Max: Yeah [laughs] thank you.
BWT: This approach has obviously worked really well. Your Kickstarter just wrapped and surpassed its goal by more than $100,000. How do you feel about that?
Max: [laughs] I guess it feels good, but now I have to spend all of that! On the one hand, it’s cool we get to do it, but now we have a lot of work to do! [laughs]
I’ve learned working in this business for over a decade that you can never get comfortable and you can never be happy. I could have been happy with the game popping off in June, but a lot of entertainers are motivated to keep going higher and higher and higher.
I’m working on Class of 09 stuff right now that nobody can fathom or predict, in mediums that no one will see coming! I’m always going at it. It’s not that I’m ungrateful, but pulling off a Kickstarter and then making the project happen are both work. Once the anime is out, then I’ll be happy. That’s when the happiness kicks in for me.
It’s not real until I’m done.
BWT: The hustle never stops!
Max: Absolutely.
BWT: You touched upon this a little bit earlier, but does the game take place in the Beltway?
Max: Oh yeah. All the locations mentioned or shown are based on real places in and around that neighborhood. Like Pentagon City mall, Springfield, the chrome diner. All of these spots are real spots. This one dude on Twitter @MisterYura actually lives in that area and photographed all of those spots at the angle that we used for them in the game!
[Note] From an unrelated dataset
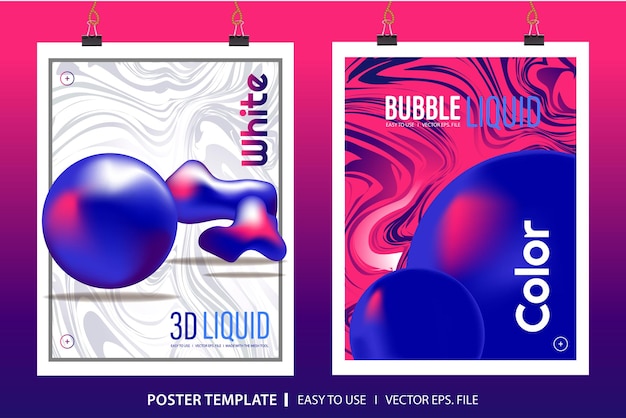 Vecteur affiche de modèle de couleur liquide à bulles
What I personally think is groundbreaking about Class of 09, is that it’s the first anime or game that is very much based on one place and is culturally all of that place. We see media use big areas like Tokyo, of course, but those are usually just backdrops. This game is very much just D.C.
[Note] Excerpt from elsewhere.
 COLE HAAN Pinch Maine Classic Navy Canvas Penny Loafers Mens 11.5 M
BWT: Yeah, the towniness of this game very much endeared it to me. And I was inspired to ask that question because I wanted to know if Kyler wearing a Redskins shirt was diegetic to the location or if it was just him getting away with gesturing towards a slur like kids did in my high school. [laughs]
Max: There are so many things that are censored in Class of 09, dude! [laughs] Back then people calling something gay or using another slur was just a part of language. We try to pretend that didn’t exist, but even some of the most liberal people I know today were talking like that back then.
The problem is when people refuse to change with the times. But yeah, a lot is censored in Class of 09, people used language like that more commonly back then than what’s in the game. Obviously you can’t ship a game with [laughs] ten million racial and homophobic slurs. That’s not okay. [laughs]
I did try to keep the politics in the game specific to the Beltway area, though. For instance, when Ari is discovered to be gay, I wanted to make it clear that this would be a problem in a place like Texas, but in a liberal place like Northern Virginia very few people would care if you were gay back then.
But there’s also the White Nationalism story route in the game, and that kind of speaks to how quickly Trumpism spread in the Beltway area. I don’t live there anymore, but when I came back I was surprised at how quickly it spread and how much less blue the area seemed to suddenly be. Like, when I was in high school, everyone wanted Obama to win, but when I spoke to someone there in high school, they said half the students were Trump supporters.
It’s interesting how quickly an area will change its political beliefs based on what’s going on at a global scale.
BWT: And that’s what I like most about Class of 09! How fully captures the culture of that time and shows how much things have changed since then.
Max: Yeah, we just came up 15 years since 2009.
BWT: Oh god, uuuuuugh…
Max: Yeah, we’re getting old. [laughs]
BWT: Thanks so much for agreeing to this interview! Is there anything else you want to mention or promo?
Max: I think all the promo work is done.
I just want to thank everybody for enjoying the game. I want to thank everyone for baking it with their wallets. I want people to stay excited and that’s all I can ask for right now.
Class 09 The Re-Up is available now on Steam.